When I train the agent, the loss keeps decreasing when the agent gets truncated without reaching the top, but once it starts reaching the destination more frequently the loss starts increasing and ends up diverging basically.

This is the lenght of episodes

 

and this is the loss:


Here it is given for ~1500 episodes, but it goes the same way until 3000 episodes. 

What do you think could be the reason? What do you recommend?

In reply to Jakhongir Saydaliev

Re: Mountain Car - DQN auxilary reward loss behaviour

by Lucas Louis Gruaz -
It is expected that the loss increase once the agent discovers the destination as there is an abrupt change in the episode. You should be careful with your rewards: if the maximum reward you can get per step is more than 0, the agent may prefer to avoid finishing the episode to accumulate more rewards (because ending the episode would result in a reward of 0). With your formulation, it seems like the maximum auxiliary reward is 2, which may be an issue.

Your plots don't show in the forum so I cannot comment on that.
In reply to Lucas Louis Gruaz

Re: Mountain Car - DQN auxilary reward loss behaviour

by Jakhongir Saydaliev -
Thank you for your response.

I realised that I was not handling the terminal states correctly, that I had to set the output of target netwokr to 0 in case of terminal states.

Now, indeed the loss increases once it starts learning. than decreases slightly and flattens as in the plot I have attached. It is similar for RND as well. Is it expected so?

Another question regarding the normalization of RND rewards. During the exercise session, one of the TAs had told me, I had to normalize states with moving average and std, and the reward with mean and std of rewards of only the initial n rewards (not moving one).

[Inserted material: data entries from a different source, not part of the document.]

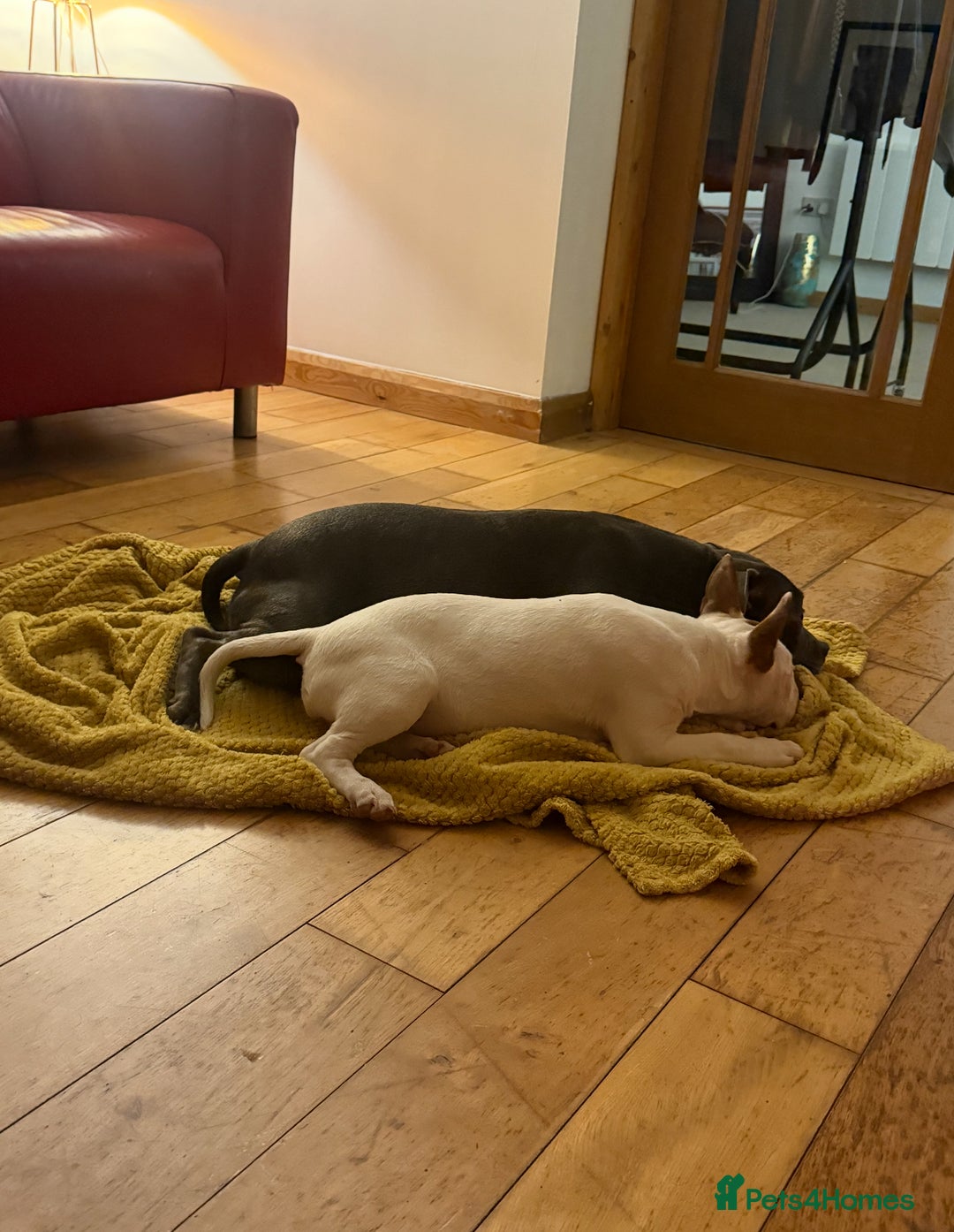 Miniature Bull terrier dogs for sale: Miniature Bull Terrier for sale  - Advert 4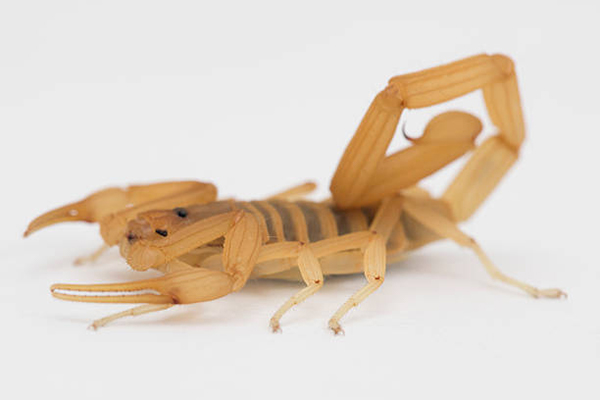 Scorpion Exterminator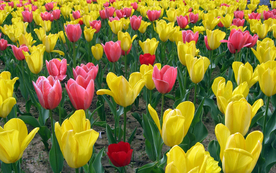 郁金香唯美图片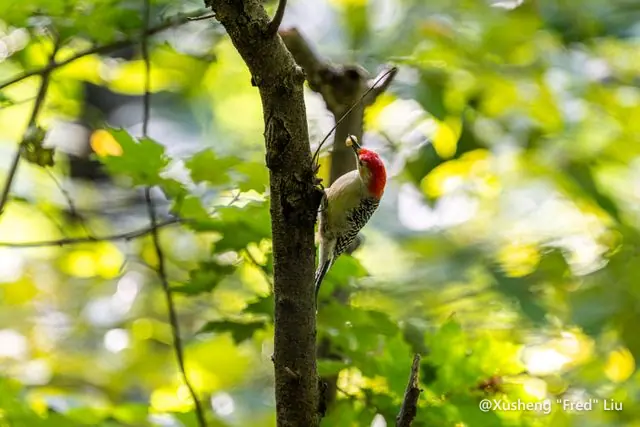 Wildlife photographed at Frick Park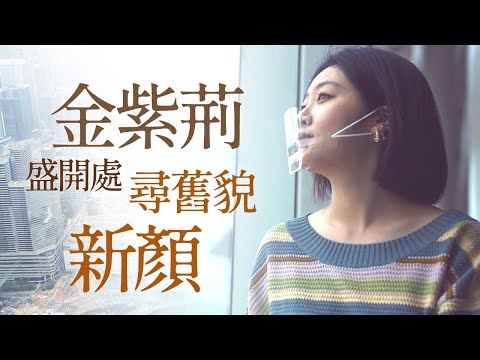 品地道粵味，遊日月星街，金紫荊盛開處尋舊貌新顏｜灣仔區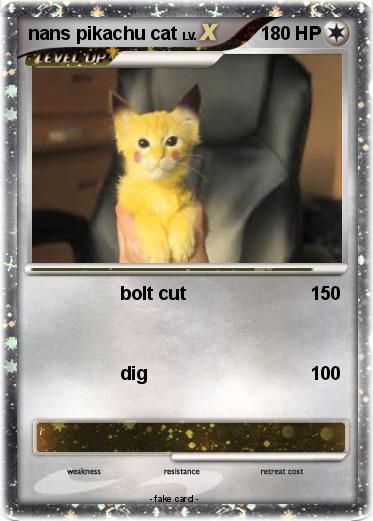Pokemon nans pikachu cat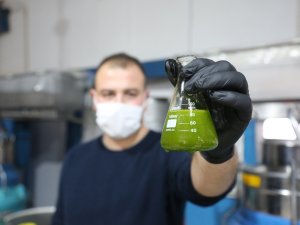 ’Yeşil Altın’ Olarak Biliniyor, Litresi 250 Liradan Satılıyor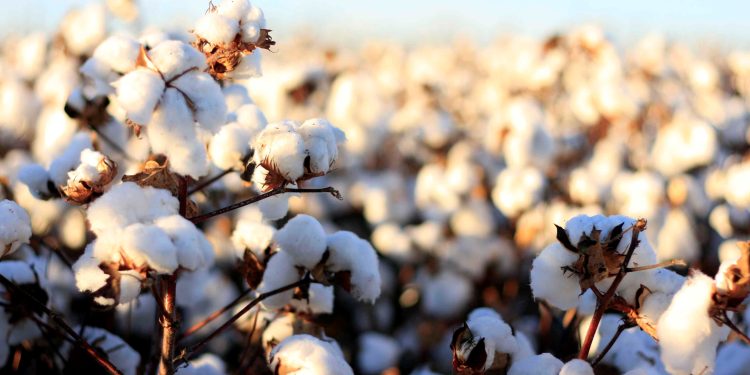 Analytical Group presenta lo screening Ogm nel cotone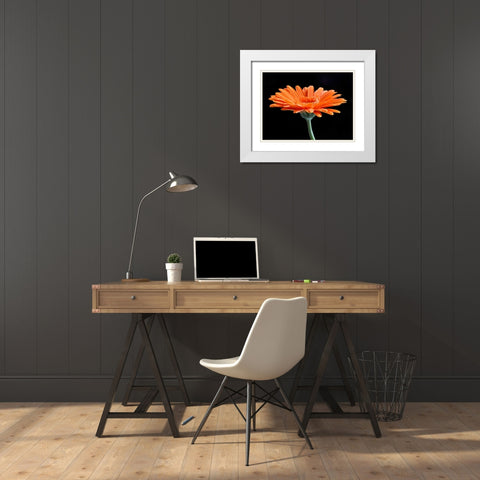 Gerber Angle II White Modern Wood Framed Art Print with Double Matting by Christensen, Jim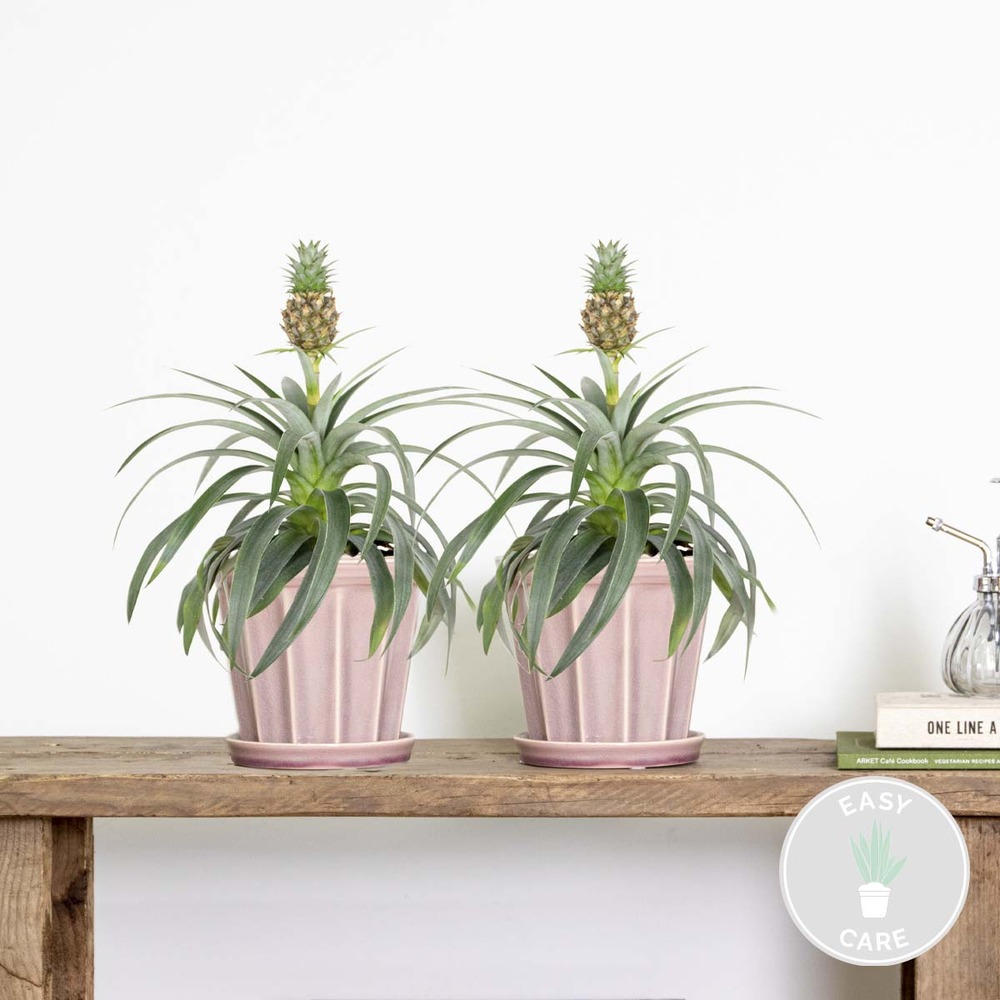 2x ananas comosus 'mi amigo' – plant d'ananas – peu d'entretien – ⌀12 cm – ↕30-40 cm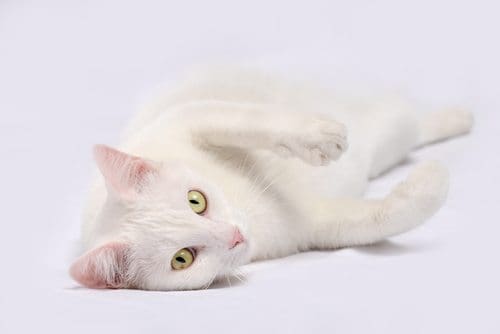 Photo Credit: Shutterstock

But then I look at the project description, and there it was said it had to be a moving nomalization for reward as well. I already implemented it in the way the TA had said and wrote it in the report. Is it ok if I do the reward normalization on the initial n rewards only (instead of the moving one)?

p.s. The second plot is for the RND loss.
Attachment 3.3-loss.png
Attachment 3.4-loss.png
In reply to Jakhongir Saydaliev

Re: Mountain Car - DQN auxilary reward loss behaviour

by Lucas Louis Gruaz -
Yes, it is expected so. For your plots, you should probably have an average window to see more clearly.
For the normalization, both possibilities have different benefits (how you did it vs how it is explained in the project description). You are expected to do as explained in the project description. In your case it is okay to keep it like that, but mention the reason in your code/report.
In reply to Lucas Louis Gruaz

Re: Mountain Car - DQN auxilary reward loss behaviour

by Jakhongir Saydaliev -
Regarding the reward, even if the total gives 2, I am adding it on top of the environment reward which is -1 everywhere except on top. So the sum of auxiliary and environment rewards will be maximum 2 (on top) and lower than 1 everywhere else.